» **Directions for this task**: Your answer must be the exact lines from the one with "David Shrigley –" to the end of the data, both included, with no pictures.

» **Data**:
━━━

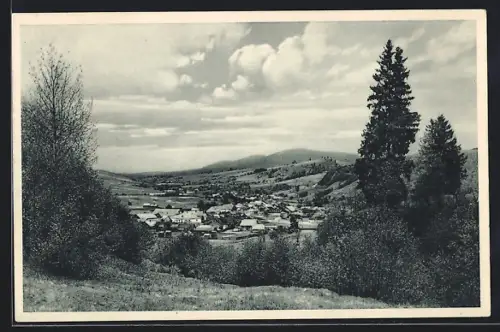 AK Jasina /Podk. Rus., Panorama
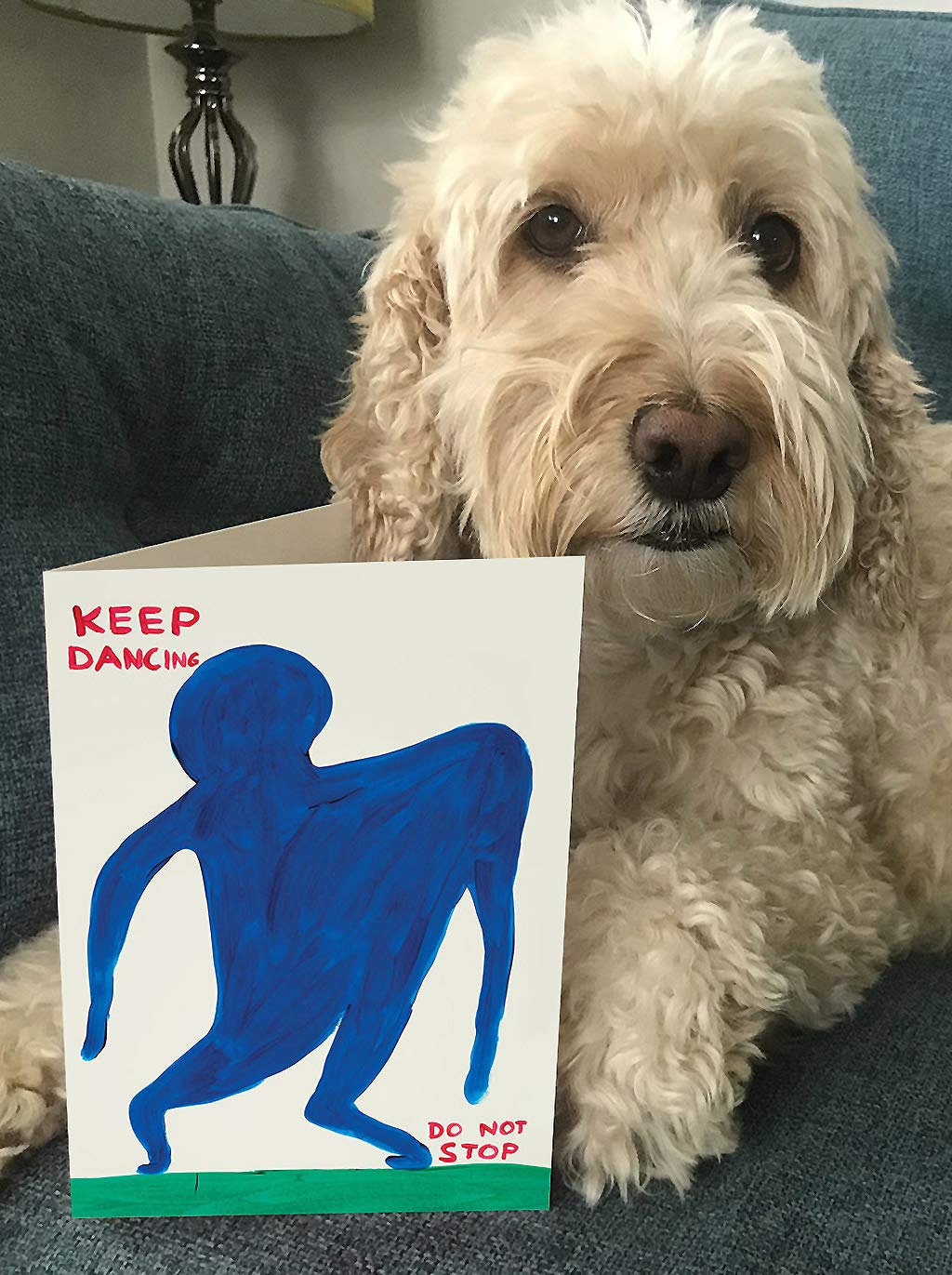 David Shrigley – Cartes D'anniversaire Humoristiques – Carte Altenative Humour – Carte « Pieuvre Dessin » – Parfait Pour Les Amis, Lui, Elle, Petit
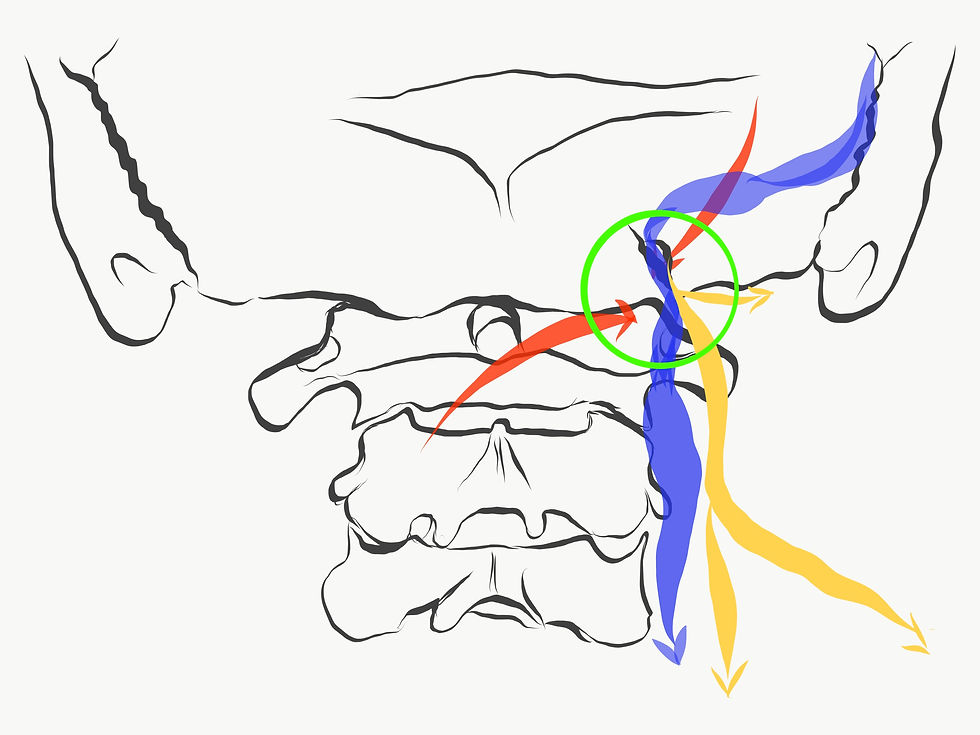 Miniaturbild: OBSTETRICS AUFSTELLER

━━━

» **Your solution**:
 David Shrigley – Cartes D'anniversaire Humoristiques – Carte Altenative Humour – Carte « Pieuvre Dessin » – Parfait Pour Les Amis, Lui, Elle, Petit
 Miniaturbild: OBSTETRICS AUFSTELLER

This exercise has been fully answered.